At a minimum, the team should be comprised of front-line practitioners -physicians, pharmacists, and nurses with intimate knowledge of the medication use processes; a strong facilitator, such as a risk management or quality improvement professional, to handle the day-to-day team issues; a representative from high-level administration for support and quick decision-making; and a physician champion to help promote medication safety initiatives.
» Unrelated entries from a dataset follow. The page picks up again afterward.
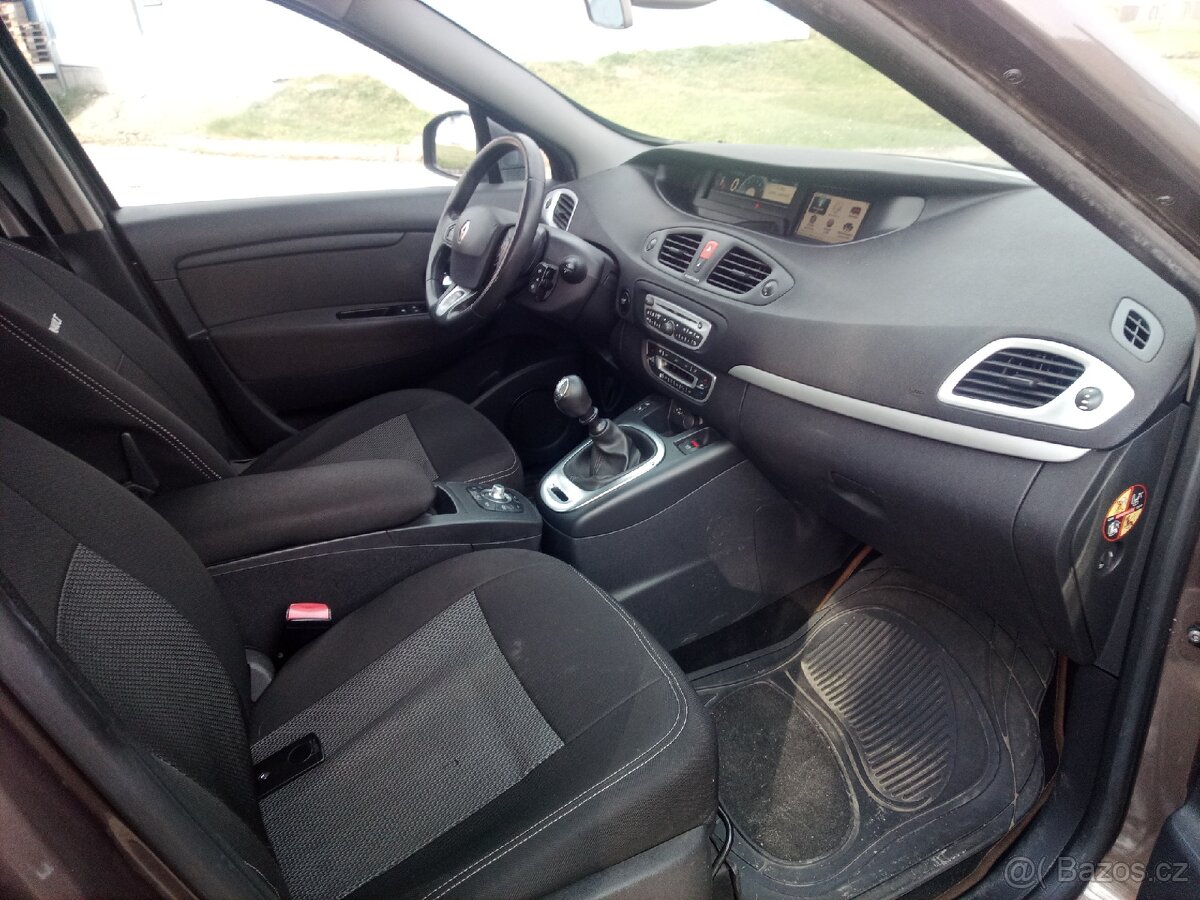 Renault grand Scenic - 12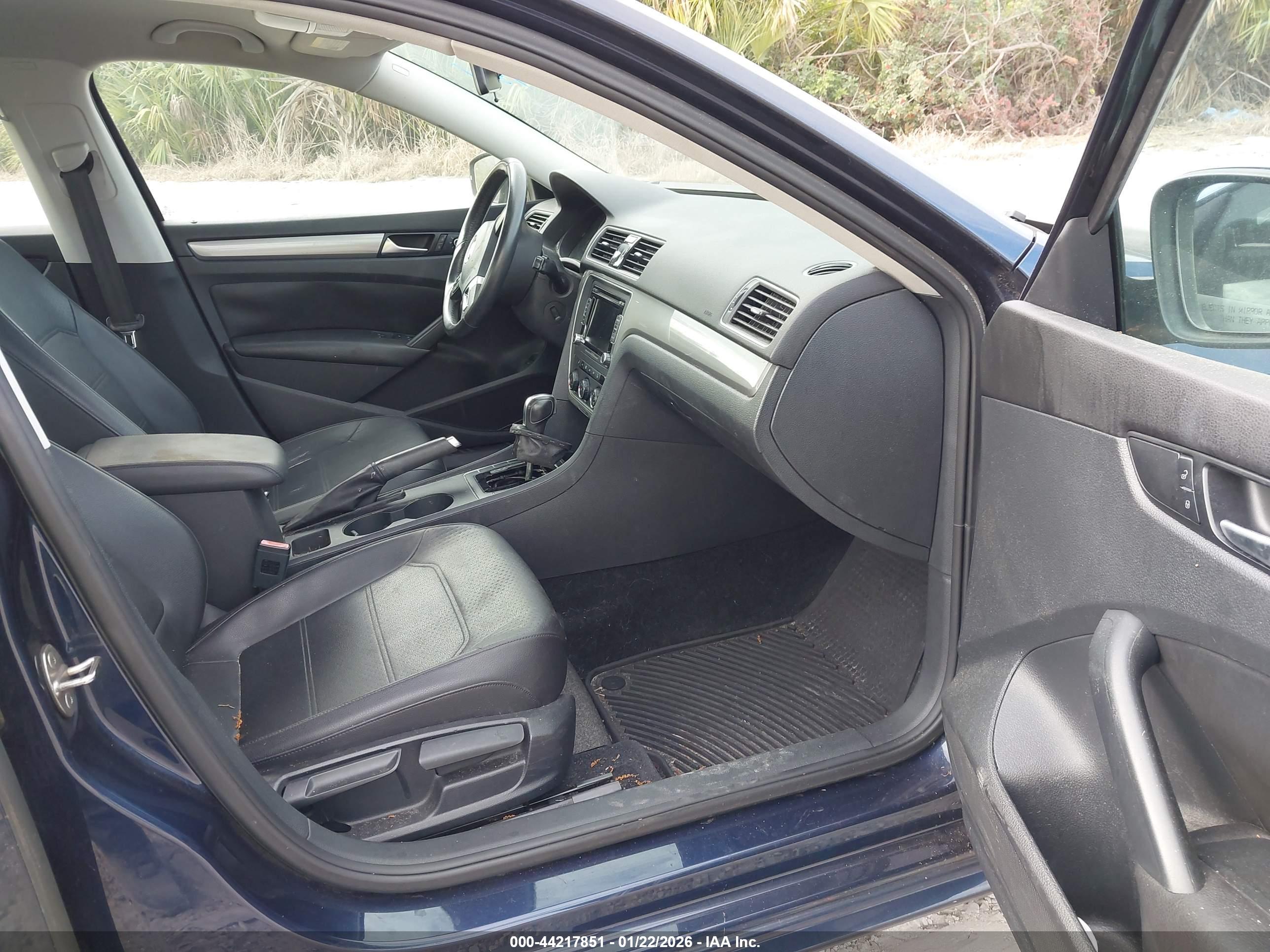 VOLKSWAGEN PASSAT image 5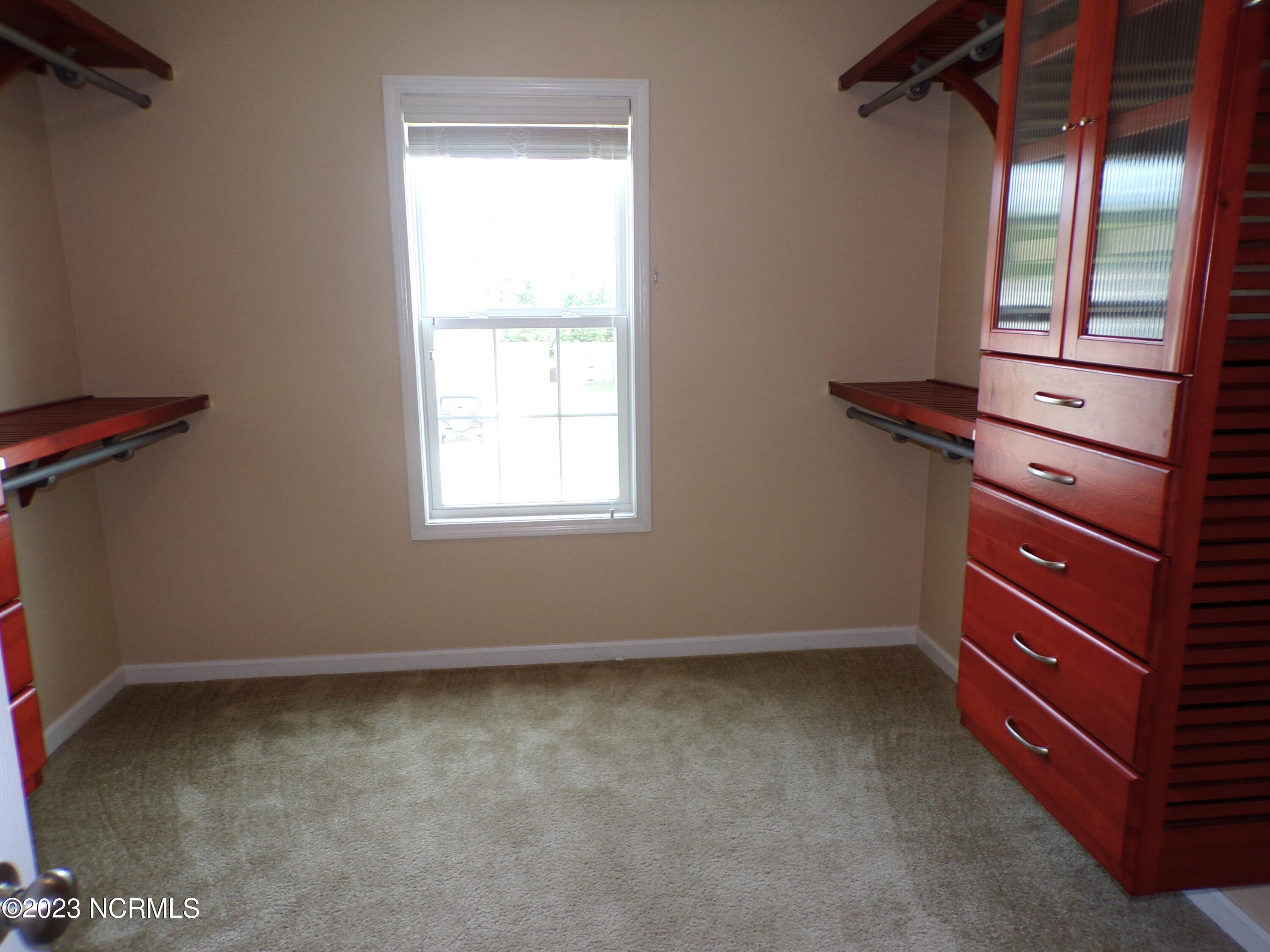 100559579 | Photo 56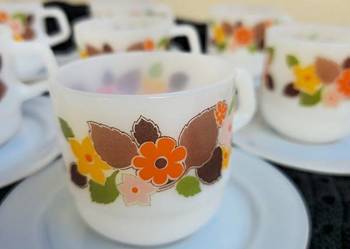 Schott Jena (szklo mleczne) Filiżanki z podstawami i talerzyki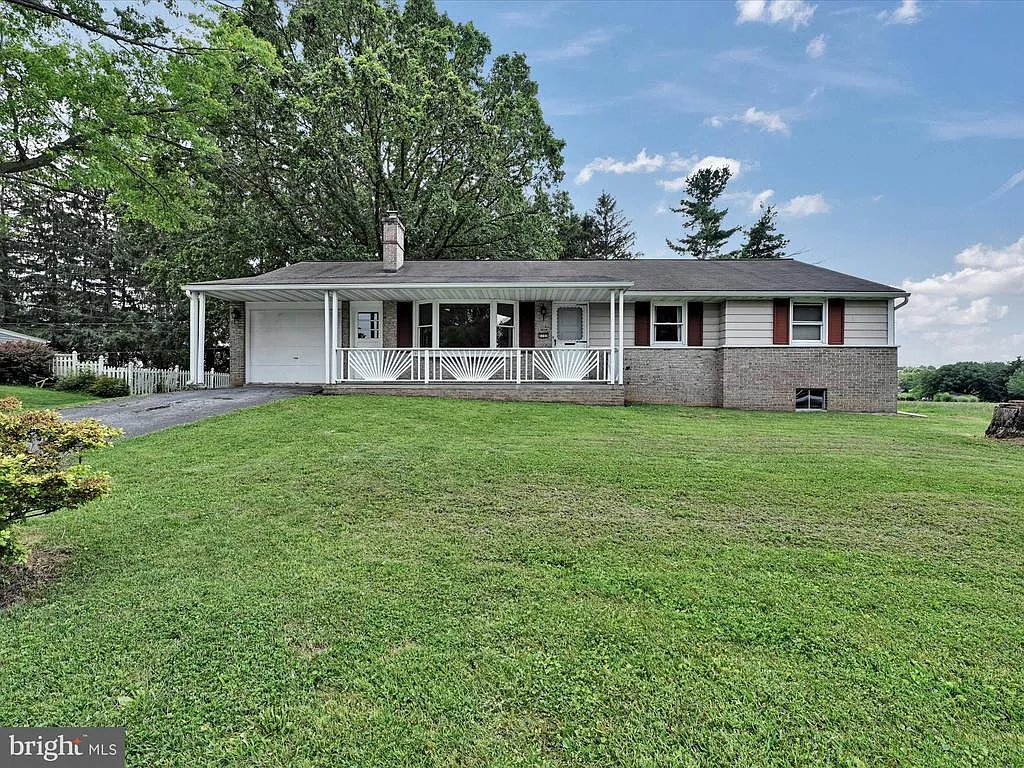 2732 Royal Rd photo 1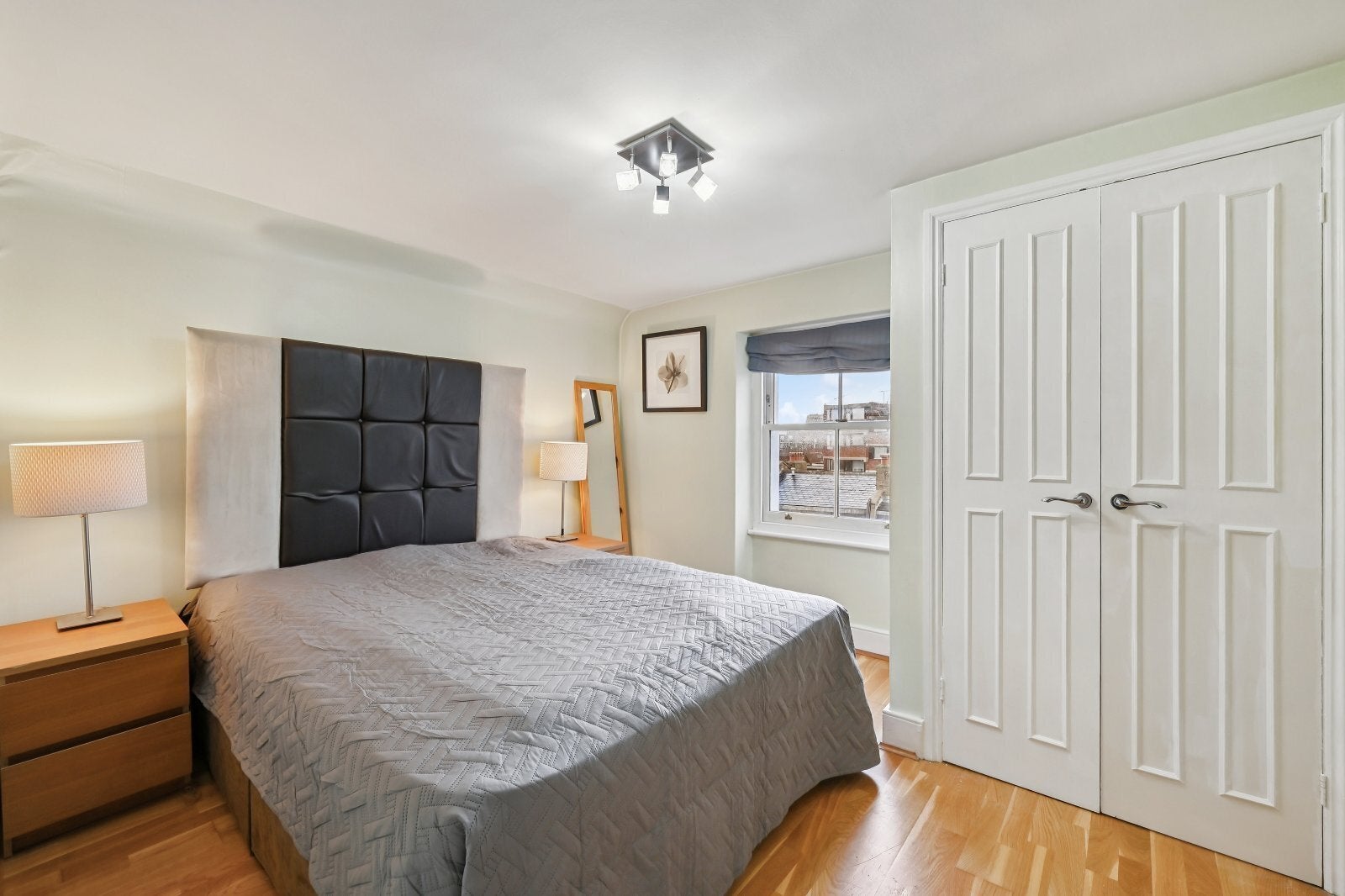 Flat Belgrave Road in City of Westminster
The goals of the team should include the following:

  • promote a non-punitive approach to reducing medication errors;
  • increase detection and reporting of medication errors and potentially hazardous drug use situations;
  • explore and understand the root causes of medication errors;
  • educate practitioners about the system-based causes of errors and their prevention;
  • respond to potentially hazardous situations before errors occur;
  • recommend and facilitate hospital-wide, system-based changes to prevent medication errors; and
  • learn from errors occurring in other organizations through the ISMP Medication Safety Alert! and other published accounts of medication errors, and take proactive measures to prevent similar errors.

The multidisciplinary nature of the team significantly increases the success of medication error reduction efforts. Effective results depend on looking at the complex medication use process as a whole and understanding how major functions interact through varied perspectives and disciplines.